This article raises similar concerns to Yonatan Zunger’s recent Twitter thread (which was triggered by the Cambridge…

This article raises similar concerns to Yonatan Zunger’s recent Twitter thread (which was triggered by the Cambridge Analytica whistleblower) about the need for explicit standards of ethics in computer science.

As an arts graduate who’s worked in IT for 20 years and has also studied health science, and as a science fiction writer who writes about how technology and culture shape each other, I’m all in favour of people in general having a broad rather than a narrow knowledge base, and being able to think about and discuss important human and technological questions. In a complex, interconnected world, deliberately cultivating ignorance is dangerous to yourself and others.

I’d love to see an entrepreneur or one of the existing education platforms come up with a set of courses that would introduce everyone to the basics of politics, economics, sociology, anthropology, psychology (with an emphasis on self-understanding, self-efficacy and self-care as well as understanding and communicating with others), effective writing, reading comprehension, study and research skills, computer science, manufacturing and logistics, engineering, project management, accounting, advertising and marketing, popular culture, “high” culture, physics, biology, chemistry, mathematics, history, geography – all in a way that showed how they’re interlinked, and how they all impact our everyday lives.

Via Adafruit Industries.

https://theconversation.com/steam-not-stem-why-scientists-need-arts-training-89788

0 thoughts on “This article raises similar concerns to Yonatan Zunger’s recent Twitter thread (which was triggered by the Cambridge…

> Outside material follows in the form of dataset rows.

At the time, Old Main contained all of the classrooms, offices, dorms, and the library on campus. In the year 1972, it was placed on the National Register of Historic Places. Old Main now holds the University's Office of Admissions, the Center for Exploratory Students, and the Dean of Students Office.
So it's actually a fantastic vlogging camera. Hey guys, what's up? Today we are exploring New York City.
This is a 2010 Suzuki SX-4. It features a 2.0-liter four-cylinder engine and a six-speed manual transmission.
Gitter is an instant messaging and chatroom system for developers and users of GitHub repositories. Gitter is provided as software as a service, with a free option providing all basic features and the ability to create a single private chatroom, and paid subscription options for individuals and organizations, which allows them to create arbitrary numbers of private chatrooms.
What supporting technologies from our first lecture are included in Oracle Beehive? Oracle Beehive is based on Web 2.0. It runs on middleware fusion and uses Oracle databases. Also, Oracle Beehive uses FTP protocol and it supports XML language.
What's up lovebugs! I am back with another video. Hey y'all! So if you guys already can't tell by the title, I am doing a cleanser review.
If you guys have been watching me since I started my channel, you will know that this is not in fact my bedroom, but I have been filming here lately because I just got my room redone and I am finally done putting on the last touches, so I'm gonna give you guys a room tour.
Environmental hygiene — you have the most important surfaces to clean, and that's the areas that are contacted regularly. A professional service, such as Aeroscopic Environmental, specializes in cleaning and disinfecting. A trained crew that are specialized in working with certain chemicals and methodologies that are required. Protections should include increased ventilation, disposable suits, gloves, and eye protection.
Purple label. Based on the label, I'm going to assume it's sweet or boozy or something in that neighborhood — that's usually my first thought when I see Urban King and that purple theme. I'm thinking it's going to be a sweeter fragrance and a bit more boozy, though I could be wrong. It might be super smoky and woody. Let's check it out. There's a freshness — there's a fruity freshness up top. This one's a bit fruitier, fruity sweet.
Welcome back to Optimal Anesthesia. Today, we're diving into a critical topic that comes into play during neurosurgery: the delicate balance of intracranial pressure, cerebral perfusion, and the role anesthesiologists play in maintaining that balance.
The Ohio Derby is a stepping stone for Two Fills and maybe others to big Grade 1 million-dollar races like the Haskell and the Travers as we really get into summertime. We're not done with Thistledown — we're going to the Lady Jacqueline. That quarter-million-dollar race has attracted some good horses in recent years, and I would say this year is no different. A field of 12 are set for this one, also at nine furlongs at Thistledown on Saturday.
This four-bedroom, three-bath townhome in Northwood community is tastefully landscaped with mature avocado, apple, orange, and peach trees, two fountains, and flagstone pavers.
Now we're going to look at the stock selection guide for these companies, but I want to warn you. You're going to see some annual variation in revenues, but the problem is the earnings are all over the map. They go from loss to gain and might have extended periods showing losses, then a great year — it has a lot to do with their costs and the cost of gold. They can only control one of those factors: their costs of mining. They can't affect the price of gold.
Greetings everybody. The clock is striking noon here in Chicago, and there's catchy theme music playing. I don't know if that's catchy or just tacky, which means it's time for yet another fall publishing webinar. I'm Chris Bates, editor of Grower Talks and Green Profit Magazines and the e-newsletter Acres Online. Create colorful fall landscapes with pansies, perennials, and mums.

  1. You could, for example, start with a cellphone, break it down into its technologies and how they work and were developed (electronics, physics, CS, history). Then look at the source of the materials that make it up from the viewpoint of geography, chemistry, politics, economics, and history to show how they’re mined in the third world, and how that works out for the people who live there. Then trace them through the supply chain (logistics), manufacturing (looking at the history, economics, and politics of why that happens in China), spending some time on design. And then look at what people use them for, going into anthropology, sociology, psychology, and then look at the ethics, politics, and economics of the Cambridge Analytics issue, plus the changed economics, creative environment, and popular culture resulting from the Internet and related technologies.

  2. Macquarie University (Australia) requires every student to study a “People and Planet Unit” – i.e. something outside of their degree area that’s either about people (sociology, psychology, media studies..) or the planet (geology, biology…)

    There is a fair amount of complaining. “I’m studying computing. You’re already making me learn statistics, why are you making me learn about media or other stuff? I just want to program!”

  3. Mike Reeves-McMillan It doesn’t look at the social effects, but have you seen the youtube channel “How to make Everything”?

    It goes through the process of making everyday stuff from the very basics. So for a suit, it starts by looking at how you’d shear a sheep. For glasses, it talks about what is needed to smelt glass.

    Then they attempt to make the stuff, so you really get a sense of the quality difference when you’re not using modern technology.